◆ Short text fragments from websites
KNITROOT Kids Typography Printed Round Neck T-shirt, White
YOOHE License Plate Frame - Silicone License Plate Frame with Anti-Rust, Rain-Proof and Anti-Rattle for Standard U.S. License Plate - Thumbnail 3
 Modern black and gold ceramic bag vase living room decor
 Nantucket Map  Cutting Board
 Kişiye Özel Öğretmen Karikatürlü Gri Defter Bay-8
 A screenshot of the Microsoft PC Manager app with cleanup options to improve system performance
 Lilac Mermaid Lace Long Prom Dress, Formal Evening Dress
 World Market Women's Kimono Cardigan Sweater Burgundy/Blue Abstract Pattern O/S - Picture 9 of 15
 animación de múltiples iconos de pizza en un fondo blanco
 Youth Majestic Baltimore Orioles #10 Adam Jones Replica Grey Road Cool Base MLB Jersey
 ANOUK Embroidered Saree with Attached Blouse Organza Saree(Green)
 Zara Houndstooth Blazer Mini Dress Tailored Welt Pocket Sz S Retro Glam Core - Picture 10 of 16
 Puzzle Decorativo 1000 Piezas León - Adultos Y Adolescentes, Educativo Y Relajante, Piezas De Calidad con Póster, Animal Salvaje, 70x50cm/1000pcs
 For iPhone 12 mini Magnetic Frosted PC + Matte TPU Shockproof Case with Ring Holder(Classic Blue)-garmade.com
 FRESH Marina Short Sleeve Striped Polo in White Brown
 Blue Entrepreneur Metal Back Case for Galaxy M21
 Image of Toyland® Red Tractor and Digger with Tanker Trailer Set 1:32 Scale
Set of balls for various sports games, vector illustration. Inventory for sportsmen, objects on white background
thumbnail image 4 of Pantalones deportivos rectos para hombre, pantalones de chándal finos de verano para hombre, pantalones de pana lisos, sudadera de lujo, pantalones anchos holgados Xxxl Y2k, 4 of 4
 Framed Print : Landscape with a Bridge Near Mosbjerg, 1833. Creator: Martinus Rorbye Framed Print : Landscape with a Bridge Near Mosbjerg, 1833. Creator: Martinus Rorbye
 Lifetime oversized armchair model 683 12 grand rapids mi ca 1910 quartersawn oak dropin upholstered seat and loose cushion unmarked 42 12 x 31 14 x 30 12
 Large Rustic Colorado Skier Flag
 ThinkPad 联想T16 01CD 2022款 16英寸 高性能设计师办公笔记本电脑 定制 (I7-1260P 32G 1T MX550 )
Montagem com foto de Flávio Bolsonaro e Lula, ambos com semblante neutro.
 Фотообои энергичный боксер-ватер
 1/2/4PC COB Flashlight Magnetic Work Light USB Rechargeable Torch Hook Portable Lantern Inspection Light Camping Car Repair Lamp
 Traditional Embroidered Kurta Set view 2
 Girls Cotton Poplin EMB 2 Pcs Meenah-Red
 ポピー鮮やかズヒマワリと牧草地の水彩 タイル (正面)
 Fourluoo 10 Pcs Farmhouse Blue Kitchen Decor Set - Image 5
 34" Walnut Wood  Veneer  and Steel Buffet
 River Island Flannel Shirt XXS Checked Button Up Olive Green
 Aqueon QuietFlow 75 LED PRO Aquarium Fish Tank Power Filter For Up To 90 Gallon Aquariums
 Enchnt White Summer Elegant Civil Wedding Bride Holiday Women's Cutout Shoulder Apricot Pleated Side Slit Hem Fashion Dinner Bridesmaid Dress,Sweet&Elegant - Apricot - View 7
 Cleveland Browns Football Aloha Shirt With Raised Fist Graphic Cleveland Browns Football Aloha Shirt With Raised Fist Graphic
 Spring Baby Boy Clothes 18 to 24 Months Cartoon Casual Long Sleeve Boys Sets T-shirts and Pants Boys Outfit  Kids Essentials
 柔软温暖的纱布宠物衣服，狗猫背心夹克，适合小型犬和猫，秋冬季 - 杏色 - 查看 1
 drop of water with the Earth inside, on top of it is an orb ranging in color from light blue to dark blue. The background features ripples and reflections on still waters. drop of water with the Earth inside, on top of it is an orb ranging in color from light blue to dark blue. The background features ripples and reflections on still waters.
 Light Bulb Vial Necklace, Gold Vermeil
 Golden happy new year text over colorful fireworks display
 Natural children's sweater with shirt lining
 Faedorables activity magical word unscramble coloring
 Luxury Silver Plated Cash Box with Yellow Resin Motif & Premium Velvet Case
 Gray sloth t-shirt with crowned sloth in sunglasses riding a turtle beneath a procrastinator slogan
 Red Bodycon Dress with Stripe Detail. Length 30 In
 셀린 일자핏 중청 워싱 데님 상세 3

◆ Description of the task
Only the lines from the one that contains "Light Bulb Vial Necklace, Gold Vermeil" to the end of the entries above should be given again, exactly and in full.

◆ Answer box
 Light Bulb Vial Necklace, Gold Vermeil
 Golden happy new year text over colorful fireworks display
 Natural children's sweater with shirt lining
 Faedorables activity magical word unscramble coloring
 Luxury Silver Plated Cash Box with Yellow Resin Motif & Premium Velvet Case
 Gray sloth t-shirt with crowned sloth in sunglasses riding a turtle beneath a procrastinator slogan
 Red Bodycon Dress with Stripe Detail. Length 30 In
 셀린 일자핏 중청 워싱 데님 상세 3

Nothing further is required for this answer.